How to filter several variables with the same condition in R
9 July, 2021
Here is an imaginary dataset of books, with binary variables describing different possible genres:
library(dplyr)
set.seed(1)
books <- data.frame(
id = 1:10,
is_fantasy = rbinom(10, 1, .5),
is_scifi = rbinom(10, 1, .5),
is_classic = rbinom(10, 1, .5),
is_adventure = rbinom(10, 1, .5)
)
books
Say we want to filter on books that are classic, fantasy adventure novels. We could do this:
books %>%
filter(
is_fantasy == 1,
is_classic == 1,
is_adventure == 1
)
And this is totally fine, except that we're repeating ourselves a little bit—we're writing the filter condition three times. This is no big deal, but starts to become more annoying (and error prone) when you're filtering a large number of variables, and/or with more complicated filtering conditions. You could find yourself copying and pasting the filtering condition a bunch of times, which isn't ideal.
The across
function from dplyr is, in my view, one of the most useful functions in R. I find myself using it most frequently in combination with mutate
and filter
, to apply a function across several variables. I encourage you to check out the vignette for it to get an idea of how powerful it is when used in dplyr workflows; but I promised that this post would be brief, so here's how you can use it to filter several variables with the same logical condition:
books %>%
filter(across(c(is_fantasy, is_classic, is_adventure), ~ . == 1))

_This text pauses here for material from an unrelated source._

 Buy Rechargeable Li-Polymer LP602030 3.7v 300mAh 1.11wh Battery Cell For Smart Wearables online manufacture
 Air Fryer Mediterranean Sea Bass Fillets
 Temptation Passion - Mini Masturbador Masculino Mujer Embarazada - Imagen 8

This is the same filtering logic as above, just a little bit cleaner and more extensible. Some notes:
- The first argument to
across
is a tidy-select vector of column names. - The second argument is where you specify which function you want to apply to the columns provided in the first argument. There are a few different ways to do this, but I most frequently use the method shown above: after using a tilde, you can then access the values of each variable with a period. So, for the
is_classic
variable, the syntax~ . == 1
is equivalent tois_classic == 1
.
Let's just write this out with the arguments explicitly provided and a pedantic level of indentation, just to be super clear about how it all fits together:
books %>%
filter(
across(
.cols = c(is_fantasy, is_classic, is_adventure),
.fns = ~ . == 1
)
)
That's it—I'll probably write some more about dplyr in the near future.